START Provided information

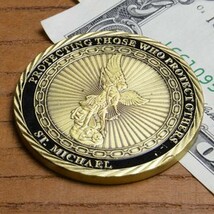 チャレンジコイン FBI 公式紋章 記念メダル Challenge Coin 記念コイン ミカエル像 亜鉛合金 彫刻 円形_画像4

END Provided information
START Provided information

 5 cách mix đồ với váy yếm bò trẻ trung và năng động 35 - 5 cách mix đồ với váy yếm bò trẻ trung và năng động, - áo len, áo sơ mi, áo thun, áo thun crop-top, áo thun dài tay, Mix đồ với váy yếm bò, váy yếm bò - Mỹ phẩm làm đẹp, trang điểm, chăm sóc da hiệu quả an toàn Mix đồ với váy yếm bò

END Provided information
START Provided information

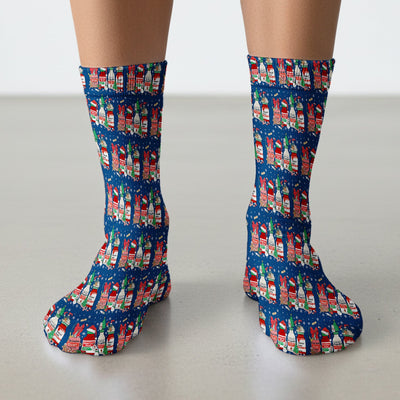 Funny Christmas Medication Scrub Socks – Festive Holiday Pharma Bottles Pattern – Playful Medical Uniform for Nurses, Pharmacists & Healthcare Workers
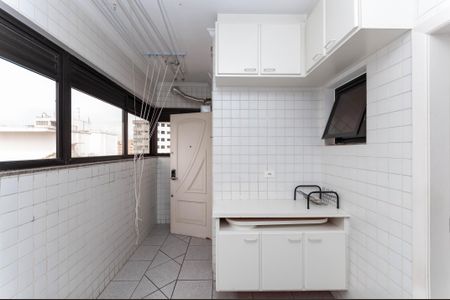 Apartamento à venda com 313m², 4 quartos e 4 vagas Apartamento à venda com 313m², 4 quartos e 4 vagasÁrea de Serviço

END Provided information

What is being asked: From the listing above, restate verbatim the lines running from the one with "Funny Christmas Medication" through the one with "Apartamento à venda com 313m², 4 quartos e 4 vagas Apartamento", inclusive, but not the pictures.

Exercise response:
 Funny Christmas Medication Scrub Socks – Festive Holiday Pharma Bottles Pattern – Playful Medical Uniform for Nurses, Pharmacists & Healthcare Workers
 Apartamento à venda com 313m², 4 quartos e 4 vagas Apartamento à venda com 313m², 4 quartos e 4 vagasÁrea de Serviço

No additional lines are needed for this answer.